臺灣高等法院高雄分院刑事判決九十三年度上易字第四六四號
上訴人即自訴人丙○○○○業股份有限公司代表人乙○○自訴代理人 蘇俊誠 律師被告甲○○右上訴人因被告詐欺案件,不服臺灣高雄地方法院九十三年度自字第四八號中華民國九十三年七月二十三日第一審判決,提起上訴,本院判決如左:
主文上訴駁回。
理由
一、本件自訴意旨略以:甲○○係 中耕 企業股份有限公司(下稱中耕公司)之負責人,民國(下同)八十七年五月間在高雄市○○路麗尊大飯店內,向自訴人星興鋼鐵股份有限公司(下稱自訴人)總經理 侯畊宇 佯稱:欲以每公斤新臺幣(下同)
六.五元購買 鋼胚 九千四百三十二噸(含稅共六千四百三十七萬三千四百元);每公斤七.八元購買鋼筋五百噸(含稅共計三百九十萬元)等語,致使自訴人陷於錯誤,於八十七年六月底、七月初分批先後交付鋼胚二千噸、二千噸、五千四百三十二噸;於同年七月初交付鋼筋五百噸,事後自訴人向甲○○催討貨款時,甲○○竟謊稱擬將上開鋼胚、鋼筋出售予長鋒鋼鐵股份有限公司(下稱長鋒公司),以賣出之價款清償貨款,自訴人為順利取得貨款只得同意,詎被告將鋼胚及鋼筋轉售予他人取得價款後,僅分別八十七年九月、十月十八日交付如附表一所示之本票五紙、支票二紙(兩者合計共六千五百萬元)及作為利息之如附表二所示之支票六紙(共計三十六萬元),惟到期日經自訴人提示後,全數均遭退票,被告復開立如附表三所示之支票十一紙(共計四百五十六萬零一千四百元)以為攤還價款,惟亦全數遭退票,自訴人至此始知受騙,因認被告甲○○涉有刑法第三百三十九條第一項之詐欺取財罪嫌云云。

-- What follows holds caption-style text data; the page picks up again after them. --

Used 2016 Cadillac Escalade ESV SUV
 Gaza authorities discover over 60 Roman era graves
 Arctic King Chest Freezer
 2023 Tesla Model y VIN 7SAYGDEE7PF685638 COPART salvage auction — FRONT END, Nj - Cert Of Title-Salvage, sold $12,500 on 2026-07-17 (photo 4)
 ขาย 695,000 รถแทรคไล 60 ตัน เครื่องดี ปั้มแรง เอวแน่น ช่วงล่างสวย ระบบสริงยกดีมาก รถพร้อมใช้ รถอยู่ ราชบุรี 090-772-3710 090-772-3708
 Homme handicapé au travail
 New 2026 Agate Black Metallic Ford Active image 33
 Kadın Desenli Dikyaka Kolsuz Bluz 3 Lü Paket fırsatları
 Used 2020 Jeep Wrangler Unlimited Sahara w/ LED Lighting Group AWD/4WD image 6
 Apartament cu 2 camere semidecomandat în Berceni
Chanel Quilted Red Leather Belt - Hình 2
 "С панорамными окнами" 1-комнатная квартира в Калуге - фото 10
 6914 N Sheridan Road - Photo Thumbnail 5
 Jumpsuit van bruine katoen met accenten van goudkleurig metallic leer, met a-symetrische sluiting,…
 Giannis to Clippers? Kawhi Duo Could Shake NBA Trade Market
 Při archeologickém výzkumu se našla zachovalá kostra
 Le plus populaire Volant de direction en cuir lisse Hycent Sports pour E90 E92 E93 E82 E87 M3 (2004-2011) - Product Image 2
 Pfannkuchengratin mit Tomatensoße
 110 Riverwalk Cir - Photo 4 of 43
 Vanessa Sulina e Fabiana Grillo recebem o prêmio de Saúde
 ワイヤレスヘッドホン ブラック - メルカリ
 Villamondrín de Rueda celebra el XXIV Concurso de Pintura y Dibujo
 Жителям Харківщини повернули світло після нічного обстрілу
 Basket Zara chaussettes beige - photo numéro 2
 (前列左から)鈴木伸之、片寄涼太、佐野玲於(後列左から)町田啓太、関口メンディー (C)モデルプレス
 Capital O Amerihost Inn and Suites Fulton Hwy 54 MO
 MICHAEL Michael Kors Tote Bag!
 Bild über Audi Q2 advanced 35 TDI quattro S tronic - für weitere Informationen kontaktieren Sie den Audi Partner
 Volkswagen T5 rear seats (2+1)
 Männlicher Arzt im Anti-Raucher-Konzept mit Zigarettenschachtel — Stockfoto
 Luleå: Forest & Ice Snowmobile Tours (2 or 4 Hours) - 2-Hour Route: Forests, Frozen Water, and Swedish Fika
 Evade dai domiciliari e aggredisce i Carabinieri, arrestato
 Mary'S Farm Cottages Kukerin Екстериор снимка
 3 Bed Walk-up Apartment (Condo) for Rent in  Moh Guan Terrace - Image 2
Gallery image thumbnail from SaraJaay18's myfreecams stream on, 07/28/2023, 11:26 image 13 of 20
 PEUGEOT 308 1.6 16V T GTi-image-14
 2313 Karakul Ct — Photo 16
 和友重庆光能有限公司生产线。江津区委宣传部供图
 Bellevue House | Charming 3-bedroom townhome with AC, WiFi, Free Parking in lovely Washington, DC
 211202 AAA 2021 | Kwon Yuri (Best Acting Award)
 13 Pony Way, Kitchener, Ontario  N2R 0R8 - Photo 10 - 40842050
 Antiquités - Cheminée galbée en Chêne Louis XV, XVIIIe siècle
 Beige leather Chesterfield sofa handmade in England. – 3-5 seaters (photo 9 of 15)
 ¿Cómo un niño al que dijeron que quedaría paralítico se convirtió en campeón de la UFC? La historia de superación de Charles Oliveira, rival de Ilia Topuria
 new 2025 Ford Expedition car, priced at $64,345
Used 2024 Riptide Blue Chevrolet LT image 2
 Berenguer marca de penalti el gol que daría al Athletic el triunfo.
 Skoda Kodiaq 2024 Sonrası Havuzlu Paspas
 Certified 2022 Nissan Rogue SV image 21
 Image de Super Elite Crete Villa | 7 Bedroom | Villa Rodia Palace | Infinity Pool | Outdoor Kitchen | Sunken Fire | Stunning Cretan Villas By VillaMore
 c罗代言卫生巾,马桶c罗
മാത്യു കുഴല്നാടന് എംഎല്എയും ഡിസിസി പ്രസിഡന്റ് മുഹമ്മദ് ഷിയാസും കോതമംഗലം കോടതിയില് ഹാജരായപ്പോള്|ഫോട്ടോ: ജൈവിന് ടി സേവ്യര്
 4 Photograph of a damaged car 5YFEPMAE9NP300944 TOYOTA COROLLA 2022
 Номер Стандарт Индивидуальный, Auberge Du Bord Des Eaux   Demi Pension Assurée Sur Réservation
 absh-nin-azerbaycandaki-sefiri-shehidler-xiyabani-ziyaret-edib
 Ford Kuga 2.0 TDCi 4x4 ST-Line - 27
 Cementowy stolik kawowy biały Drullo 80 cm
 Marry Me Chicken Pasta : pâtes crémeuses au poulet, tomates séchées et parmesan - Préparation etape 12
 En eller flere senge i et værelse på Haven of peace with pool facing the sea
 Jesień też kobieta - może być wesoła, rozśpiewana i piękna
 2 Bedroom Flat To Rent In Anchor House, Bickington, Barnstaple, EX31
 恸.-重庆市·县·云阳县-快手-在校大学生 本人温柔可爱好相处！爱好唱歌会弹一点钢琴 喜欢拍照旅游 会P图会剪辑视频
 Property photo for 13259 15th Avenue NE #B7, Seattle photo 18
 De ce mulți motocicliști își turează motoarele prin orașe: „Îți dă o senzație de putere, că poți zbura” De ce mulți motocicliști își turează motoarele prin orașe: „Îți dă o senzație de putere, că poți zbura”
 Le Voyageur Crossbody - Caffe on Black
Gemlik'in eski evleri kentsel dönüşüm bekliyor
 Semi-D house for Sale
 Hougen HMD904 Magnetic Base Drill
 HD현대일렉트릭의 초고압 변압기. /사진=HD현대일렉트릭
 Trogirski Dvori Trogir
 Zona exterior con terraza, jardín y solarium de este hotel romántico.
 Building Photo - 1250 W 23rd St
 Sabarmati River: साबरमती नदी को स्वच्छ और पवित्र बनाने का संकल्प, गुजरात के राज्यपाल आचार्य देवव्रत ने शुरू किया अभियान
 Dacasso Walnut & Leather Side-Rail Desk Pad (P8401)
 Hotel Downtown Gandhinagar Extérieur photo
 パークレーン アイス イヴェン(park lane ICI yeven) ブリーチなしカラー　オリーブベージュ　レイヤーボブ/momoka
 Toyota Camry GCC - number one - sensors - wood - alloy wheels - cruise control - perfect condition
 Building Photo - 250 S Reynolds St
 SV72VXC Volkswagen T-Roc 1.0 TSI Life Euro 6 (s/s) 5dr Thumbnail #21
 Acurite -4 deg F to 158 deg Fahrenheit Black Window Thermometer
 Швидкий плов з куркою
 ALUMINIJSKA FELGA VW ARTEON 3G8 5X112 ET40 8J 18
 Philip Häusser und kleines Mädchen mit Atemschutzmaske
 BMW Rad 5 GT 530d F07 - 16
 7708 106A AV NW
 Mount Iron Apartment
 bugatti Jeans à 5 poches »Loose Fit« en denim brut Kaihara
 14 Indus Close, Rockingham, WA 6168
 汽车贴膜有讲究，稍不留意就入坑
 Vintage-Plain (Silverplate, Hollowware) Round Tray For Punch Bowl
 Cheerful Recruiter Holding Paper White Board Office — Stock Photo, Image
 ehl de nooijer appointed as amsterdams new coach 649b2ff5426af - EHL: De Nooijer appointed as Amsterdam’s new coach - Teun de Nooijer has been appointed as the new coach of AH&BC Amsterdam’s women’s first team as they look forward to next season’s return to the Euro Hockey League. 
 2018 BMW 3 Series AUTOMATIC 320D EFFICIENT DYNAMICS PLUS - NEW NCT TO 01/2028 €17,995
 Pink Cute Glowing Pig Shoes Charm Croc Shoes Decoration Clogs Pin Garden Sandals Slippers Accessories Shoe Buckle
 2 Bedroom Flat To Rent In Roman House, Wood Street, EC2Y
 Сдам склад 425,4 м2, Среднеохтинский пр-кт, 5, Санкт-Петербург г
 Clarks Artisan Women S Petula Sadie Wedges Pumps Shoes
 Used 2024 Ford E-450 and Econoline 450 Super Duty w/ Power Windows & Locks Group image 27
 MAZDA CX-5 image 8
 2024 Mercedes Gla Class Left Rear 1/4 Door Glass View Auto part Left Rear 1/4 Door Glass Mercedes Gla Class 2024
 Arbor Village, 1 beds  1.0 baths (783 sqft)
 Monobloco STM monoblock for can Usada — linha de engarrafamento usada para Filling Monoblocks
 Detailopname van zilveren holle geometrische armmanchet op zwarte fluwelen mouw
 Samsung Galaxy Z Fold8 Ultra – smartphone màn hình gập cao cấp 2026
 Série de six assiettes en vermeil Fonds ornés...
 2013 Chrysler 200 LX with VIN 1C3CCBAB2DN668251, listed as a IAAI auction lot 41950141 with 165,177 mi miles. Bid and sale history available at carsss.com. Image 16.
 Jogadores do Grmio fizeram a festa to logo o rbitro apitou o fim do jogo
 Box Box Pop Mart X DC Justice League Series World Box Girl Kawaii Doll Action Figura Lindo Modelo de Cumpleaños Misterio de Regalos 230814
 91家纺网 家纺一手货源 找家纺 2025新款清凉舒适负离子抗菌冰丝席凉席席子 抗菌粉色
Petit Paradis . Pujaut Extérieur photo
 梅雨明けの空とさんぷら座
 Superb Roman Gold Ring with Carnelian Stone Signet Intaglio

二、按刑法上詐欺罪與侵占罪雖同屬侵害財產法益之犯罪,然侵占罪係以行為人先持有他人之物,嗣變易其原來持有意思為不法所有意思,予侵占為構成要件;而詐欺罪係以行為人原未持有他人之物,因意圖不法所有,施用詐術手段使人陷於錯誤而交付財物為構成要件。兩者在行為人犯罪過程中,何時起意犯罪及其犯罪之方法均有差異,其社會基本事實難謂具有同一性,此有最高法院八十六年台非字第三四三號判決可資參照。本件被告前雖曾因自訴意旨所載之事實,經法務部調查局高雄縣調查站以涉嫌侵占罪嫌移送台灣高雄地方法院檢察署檢察偵查後,認為侵占罪嫌不足,由該署檢察官於九十年六月二十六日處分不起訴確定,有不起訴處分書在卷可憑(見原審卷第一0六頁)。惟如上所述,侵占與詐欺並非同一案件,是自訴人事後再以被告涉嫌詐欺取財而提起本件自訴,於法即無不可,核先敘明。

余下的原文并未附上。